Your task ▸
Without omitting anything, copy every entry word for word.

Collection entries
--- START ---
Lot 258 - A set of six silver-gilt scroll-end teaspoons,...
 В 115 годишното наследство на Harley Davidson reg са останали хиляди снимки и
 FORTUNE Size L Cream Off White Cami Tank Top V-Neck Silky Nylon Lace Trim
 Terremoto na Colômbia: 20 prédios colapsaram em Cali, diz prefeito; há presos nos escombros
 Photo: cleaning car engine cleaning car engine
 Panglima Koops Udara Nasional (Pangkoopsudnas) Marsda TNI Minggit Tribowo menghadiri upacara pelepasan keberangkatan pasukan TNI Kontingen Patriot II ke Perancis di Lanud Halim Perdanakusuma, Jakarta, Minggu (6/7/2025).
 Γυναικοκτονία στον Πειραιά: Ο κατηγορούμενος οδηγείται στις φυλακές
--- END ---
Task solution ▸
Lot 258 - A set of six silver-gilt scroll-end teaspoons,...
 В 115 годишното наследство на Harley Davidson reg са останали хиляди снимки и
 FORTUNE Size L Cream Off White Cami Tank Top V-Neck Silky Nylon Lace Trim
 Terremoto na Colômbia: 20 prédios colapsaram em Cali, diz prefeito; há presos nos escombros
 Photo: cleaning car engine cleaning car engine
 Panglima Koops Udara Nasional (Pangkoopsudnas) Marsda TNI Minggit Tribowo menghadiri upacara pelepasan keberangkatan pasukan TNI Kontingen Patriot II ke Perancis di Lanud Halim Perdanakusuma, Jakarta, Minggu (6/7/2025).
 Γυναικοκτονία στον Πειραιά: Ο κατηγορούμενος οδηγείται στις φυλακές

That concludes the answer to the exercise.